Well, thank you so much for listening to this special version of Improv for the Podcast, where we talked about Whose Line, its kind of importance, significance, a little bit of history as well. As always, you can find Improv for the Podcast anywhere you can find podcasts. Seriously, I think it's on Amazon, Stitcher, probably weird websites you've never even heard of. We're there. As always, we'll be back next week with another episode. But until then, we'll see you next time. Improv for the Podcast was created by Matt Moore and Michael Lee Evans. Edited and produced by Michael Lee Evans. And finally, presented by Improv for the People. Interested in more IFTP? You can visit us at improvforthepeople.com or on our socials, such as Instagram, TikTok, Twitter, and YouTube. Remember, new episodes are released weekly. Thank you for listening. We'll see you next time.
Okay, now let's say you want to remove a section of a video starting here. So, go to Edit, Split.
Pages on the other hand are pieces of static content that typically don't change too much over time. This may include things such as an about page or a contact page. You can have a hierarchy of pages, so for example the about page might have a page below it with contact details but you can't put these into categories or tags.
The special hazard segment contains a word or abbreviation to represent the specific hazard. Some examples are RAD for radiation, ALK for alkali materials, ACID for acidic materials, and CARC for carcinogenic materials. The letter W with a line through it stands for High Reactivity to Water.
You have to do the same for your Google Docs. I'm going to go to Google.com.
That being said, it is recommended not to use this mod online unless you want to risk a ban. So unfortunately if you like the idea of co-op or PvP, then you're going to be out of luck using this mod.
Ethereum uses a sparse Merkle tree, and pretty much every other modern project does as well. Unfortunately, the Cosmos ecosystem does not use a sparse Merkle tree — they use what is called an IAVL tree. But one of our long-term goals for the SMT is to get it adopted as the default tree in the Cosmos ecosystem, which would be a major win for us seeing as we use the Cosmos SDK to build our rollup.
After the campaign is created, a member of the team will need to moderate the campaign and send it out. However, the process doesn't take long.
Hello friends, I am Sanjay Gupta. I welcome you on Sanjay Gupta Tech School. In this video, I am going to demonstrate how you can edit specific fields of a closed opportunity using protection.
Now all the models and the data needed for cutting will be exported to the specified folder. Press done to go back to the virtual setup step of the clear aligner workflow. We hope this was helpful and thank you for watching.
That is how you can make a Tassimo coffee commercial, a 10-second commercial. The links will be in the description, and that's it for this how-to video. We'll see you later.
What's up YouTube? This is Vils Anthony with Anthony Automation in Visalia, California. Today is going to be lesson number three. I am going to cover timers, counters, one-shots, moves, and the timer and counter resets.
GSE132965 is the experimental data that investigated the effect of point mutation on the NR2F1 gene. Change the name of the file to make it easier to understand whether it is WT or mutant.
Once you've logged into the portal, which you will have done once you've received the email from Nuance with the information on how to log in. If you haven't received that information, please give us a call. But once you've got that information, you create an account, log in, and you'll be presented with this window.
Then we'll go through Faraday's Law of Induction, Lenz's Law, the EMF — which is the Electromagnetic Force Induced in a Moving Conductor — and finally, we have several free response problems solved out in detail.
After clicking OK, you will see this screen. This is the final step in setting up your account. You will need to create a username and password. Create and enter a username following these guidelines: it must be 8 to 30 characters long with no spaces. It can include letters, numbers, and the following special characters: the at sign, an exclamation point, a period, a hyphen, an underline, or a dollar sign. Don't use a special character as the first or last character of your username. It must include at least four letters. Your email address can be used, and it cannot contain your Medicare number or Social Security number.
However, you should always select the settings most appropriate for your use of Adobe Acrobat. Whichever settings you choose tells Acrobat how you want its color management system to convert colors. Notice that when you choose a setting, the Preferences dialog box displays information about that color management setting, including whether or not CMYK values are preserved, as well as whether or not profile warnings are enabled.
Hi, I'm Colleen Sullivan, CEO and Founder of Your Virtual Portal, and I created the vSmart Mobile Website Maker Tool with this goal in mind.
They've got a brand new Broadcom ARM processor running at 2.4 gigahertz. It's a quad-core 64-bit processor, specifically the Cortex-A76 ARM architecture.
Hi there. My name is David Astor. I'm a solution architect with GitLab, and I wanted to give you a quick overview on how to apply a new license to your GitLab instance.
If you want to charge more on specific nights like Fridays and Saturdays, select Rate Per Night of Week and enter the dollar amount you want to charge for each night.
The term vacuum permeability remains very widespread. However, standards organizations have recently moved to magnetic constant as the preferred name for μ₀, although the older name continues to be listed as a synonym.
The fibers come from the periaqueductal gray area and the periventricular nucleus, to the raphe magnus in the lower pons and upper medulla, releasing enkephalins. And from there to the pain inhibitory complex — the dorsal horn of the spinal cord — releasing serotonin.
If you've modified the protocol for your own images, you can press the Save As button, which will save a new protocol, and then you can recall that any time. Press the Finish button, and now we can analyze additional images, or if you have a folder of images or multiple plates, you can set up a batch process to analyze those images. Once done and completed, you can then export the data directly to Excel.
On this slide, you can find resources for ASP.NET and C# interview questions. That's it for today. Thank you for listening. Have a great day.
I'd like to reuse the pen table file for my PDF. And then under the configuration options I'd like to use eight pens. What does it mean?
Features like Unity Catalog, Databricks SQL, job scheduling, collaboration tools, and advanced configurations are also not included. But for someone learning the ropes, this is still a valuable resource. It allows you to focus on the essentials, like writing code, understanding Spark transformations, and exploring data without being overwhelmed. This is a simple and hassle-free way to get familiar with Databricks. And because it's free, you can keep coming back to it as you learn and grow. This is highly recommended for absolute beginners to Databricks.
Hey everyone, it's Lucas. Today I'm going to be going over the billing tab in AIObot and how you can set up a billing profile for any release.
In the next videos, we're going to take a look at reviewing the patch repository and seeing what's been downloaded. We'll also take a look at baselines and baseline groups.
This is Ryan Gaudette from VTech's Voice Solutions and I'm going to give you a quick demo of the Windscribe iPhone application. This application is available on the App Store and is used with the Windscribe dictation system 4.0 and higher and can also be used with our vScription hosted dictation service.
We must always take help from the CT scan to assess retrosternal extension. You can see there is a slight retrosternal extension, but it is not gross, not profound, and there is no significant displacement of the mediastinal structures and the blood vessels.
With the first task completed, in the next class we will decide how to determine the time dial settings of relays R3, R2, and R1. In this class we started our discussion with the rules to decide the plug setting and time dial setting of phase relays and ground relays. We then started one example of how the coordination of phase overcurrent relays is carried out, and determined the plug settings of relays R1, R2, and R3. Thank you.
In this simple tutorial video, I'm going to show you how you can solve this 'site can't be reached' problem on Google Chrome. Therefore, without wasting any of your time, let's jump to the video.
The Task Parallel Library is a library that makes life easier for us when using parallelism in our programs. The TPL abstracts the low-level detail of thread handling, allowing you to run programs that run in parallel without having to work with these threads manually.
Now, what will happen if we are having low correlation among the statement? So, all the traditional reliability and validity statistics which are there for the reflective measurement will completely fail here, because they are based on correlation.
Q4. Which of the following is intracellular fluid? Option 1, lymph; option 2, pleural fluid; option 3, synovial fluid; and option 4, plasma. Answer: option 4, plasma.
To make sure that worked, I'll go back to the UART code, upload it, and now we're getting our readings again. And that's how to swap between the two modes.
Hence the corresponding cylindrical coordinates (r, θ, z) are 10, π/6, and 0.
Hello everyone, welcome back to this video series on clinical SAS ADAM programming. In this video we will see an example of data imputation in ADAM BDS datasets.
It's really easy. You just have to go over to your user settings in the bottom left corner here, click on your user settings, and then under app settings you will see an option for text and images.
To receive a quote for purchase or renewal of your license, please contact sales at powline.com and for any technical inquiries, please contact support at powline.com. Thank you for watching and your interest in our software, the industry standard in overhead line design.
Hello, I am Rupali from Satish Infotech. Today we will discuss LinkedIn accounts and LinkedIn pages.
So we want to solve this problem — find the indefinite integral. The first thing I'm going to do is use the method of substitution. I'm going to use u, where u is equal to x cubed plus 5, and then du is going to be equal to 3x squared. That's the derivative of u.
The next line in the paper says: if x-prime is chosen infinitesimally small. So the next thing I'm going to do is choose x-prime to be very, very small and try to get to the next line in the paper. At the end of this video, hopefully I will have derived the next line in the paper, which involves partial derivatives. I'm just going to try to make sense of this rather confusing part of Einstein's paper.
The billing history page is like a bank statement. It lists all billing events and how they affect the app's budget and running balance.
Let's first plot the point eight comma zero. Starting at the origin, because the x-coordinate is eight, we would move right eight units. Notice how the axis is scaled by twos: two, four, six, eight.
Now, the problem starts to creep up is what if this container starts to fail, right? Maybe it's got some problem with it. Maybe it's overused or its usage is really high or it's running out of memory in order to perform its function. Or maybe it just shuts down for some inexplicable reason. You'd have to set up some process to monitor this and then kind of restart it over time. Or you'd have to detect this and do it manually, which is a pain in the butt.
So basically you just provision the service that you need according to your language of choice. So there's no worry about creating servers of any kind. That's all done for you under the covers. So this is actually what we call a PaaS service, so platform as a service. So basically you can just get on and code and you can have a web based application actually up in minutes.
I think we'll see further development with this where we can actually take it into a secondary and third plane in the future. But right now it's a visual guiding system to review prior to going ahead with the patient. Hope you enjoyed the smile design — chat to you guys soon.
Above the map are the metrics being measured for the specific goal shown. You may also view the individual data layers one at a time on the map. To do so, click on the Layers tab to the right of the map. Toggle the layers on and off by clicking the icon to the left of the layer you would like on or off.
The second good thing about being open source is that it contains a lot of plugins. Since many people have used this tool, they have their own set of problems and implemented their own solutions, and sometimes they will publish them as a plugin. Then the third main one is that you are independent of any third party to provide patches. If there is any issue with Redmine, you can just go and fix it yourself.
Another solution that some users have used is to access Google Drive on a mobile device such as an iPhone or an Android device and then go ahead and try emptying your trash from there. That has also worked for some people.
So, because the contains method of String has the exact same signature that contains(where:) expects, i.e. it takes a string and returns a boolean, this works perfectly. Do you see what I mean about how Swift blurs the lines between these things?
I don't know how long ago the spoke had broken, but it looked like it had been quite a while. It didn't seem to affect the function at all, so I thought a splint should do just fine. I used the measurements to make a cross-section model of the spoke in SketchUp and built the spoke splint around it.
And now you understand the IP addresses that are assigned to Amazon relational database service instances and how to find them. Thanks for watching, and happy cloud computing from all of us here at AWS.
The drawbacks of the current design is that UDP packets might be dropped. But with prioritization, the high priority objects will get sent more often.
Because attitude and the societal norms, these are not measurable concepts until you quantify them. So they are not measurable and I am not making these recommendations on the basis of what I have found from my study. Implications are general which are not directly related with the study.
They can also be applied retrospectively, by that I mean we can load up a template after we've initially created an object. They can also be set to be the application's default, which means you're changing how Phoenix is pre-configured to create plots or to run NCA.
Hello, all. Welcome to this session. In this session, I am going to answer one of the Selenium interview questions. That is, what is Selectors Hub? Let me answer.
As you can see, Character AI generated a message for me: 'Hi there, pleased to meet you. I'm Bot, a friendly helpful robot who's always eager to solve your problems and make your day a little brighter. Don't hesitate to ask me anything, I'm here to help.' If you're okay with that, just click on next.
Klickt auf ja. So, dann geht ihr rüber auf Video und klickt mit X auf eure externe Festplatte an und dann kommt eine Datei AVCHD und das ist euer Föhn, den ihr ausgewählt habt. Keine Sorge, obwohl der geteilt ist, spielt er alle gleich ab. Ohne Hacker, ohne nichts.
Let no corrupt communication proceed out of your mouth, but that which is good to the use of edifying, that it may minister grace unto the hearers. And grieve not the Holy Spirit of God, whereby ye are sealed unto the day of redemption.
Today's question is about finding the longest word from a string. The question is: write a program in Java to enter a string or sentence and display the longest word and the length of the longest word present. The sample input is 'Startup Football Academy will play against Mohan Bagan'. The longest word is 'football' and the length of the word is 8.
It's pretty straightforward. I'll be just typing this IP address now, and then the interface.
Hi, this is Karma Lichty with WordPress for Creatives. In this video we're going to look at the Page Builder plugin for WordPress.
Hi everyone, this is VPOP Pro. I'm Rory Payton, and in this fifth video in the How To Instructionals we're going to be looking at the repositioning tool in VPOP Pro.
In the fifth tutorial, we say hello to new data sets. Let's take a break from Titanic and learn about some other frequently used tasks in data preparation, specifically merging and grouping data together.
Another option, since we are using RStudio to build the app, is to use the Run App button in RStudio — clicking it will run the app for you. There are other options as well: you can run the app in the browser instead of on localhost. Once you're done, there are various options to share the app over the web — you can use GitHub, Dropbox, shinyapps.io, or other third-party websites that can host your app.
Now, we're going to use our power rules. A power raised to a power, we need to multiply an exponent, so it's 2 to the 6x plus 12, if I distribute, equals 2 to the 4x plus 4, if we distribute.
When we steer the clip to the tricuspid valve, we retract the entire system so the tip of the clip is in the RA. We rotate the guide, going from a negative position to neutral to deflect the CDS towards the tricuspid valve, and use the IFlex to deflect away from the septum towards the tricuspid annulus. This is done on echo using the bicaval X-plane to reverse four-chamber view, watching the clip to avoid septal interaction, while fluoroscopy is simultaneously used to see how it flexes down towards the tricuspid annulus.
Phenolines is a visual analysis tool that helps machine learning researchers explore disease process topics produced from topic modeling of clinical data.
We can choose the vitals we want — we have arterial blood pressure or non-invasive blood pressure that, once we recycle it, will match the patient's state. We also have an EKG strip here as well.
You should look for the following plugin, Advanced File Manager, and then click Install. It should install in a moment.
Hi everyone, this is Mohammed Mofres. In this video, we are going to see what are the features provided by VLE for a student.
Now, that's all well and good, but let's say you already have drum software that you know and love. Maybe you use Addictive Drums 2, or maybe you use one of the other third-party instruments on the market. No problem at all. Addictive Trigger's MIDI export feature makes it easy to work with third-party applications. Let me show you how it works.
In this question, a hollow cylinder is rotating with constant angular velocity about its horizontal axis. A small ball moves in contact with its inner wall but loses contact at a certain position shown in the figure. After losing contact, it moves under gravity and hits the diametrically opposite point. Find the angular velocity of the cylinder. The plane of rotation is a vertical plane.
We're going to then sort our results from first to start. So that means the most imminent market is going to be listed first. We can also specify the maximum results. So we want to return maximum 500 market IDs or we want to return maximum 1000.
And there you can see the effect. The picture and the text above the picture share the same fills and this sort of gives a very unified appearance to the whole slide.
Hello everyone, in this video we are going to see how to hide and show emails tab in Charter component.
_ _ _ _ _
▶ TASK INSTRUCTIONS
Using the entries shown above, reproduce verbatim the lines from the line bearing "When we steer" to the line bearing "Now, that's all", inclusive.

▶ RESULT OF THE EXERCISE
When we steer the clip to the tricuspid valve, we retract the entire system so the tip of the clip is in the RA. We rotate the guide, going from a negative position to neutral to deflect the CDS towards the tricuspid valve, and use the IFlex to deflect away from the septum towards the tricuspid annulus. This is done on echo using the bicaval X-plane to reverse four-chamber view, watching the clip to avoid septal interaction, while fluoroscopy is simultaneously used to see how it flexes down towards the tricuspid annulus.
Phenolines is a visual analysis tool that helps machine learning researchers explore disease process topics produced from topic modeling of clinical data.
We can choose the vitals we want — we have arterial blood pressure or non-invasive blood pressure that, once we recycle it, will match the patient's state. We also have an EKG strip here as well.
You should look for the following plugin, Advanced File Manager, and then click Install. It should install in a moment.
Hi everyone, this is Mohammed Mofres. In this video, we are going to see what are the features provided by VLE for a student.
Now, that's all well and good, but let's say you already have drum software that you know and love. Maybe you use Addictive Drums 2, or maybe you use one of the other third-party instruments on the market. No problem at all. Addictive Trigger's MIDI export feature makes it easy to work with third-party applications. Let me show you how it works.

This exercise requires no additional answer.